■ Exercise objective ■
Could you restate the data below word for word, without its pictures?

■ Dataset section ■

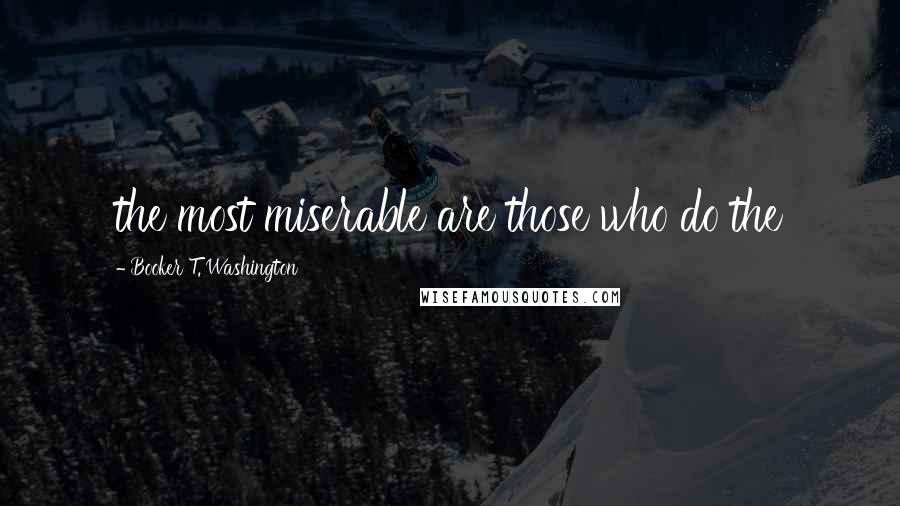 Booker T. Washington Quotes: the most miserable are those who do the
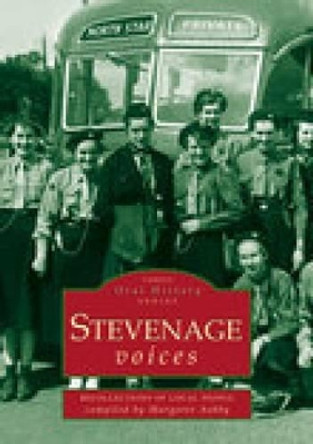 Stevenage Voices by Margaret Ashby 9780752415932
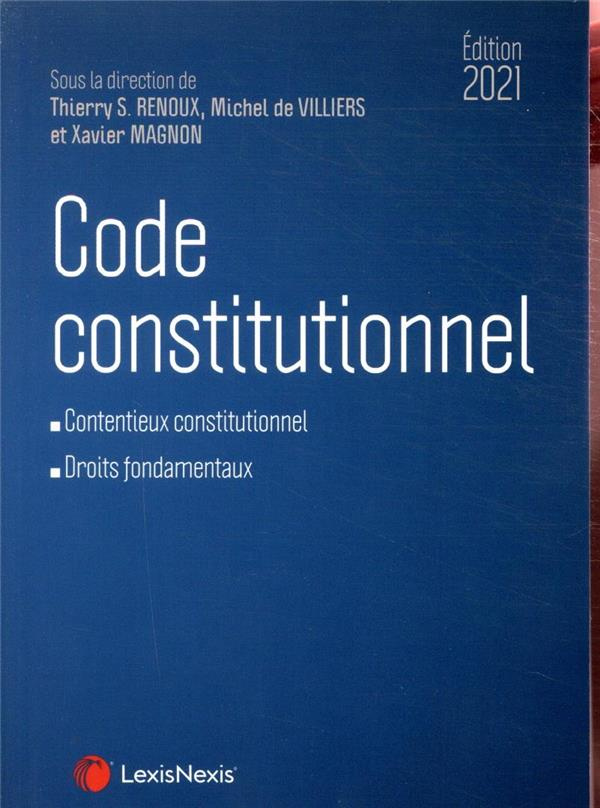 Code constitutionnel. Edition 2021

■ Solution for this task ■
 Booker T. Washington Quotes: the most miserable are those who do the
 Stevenage Voices by Margaret Ashby 9780752415932
 Code constitutionnel. Edition 2021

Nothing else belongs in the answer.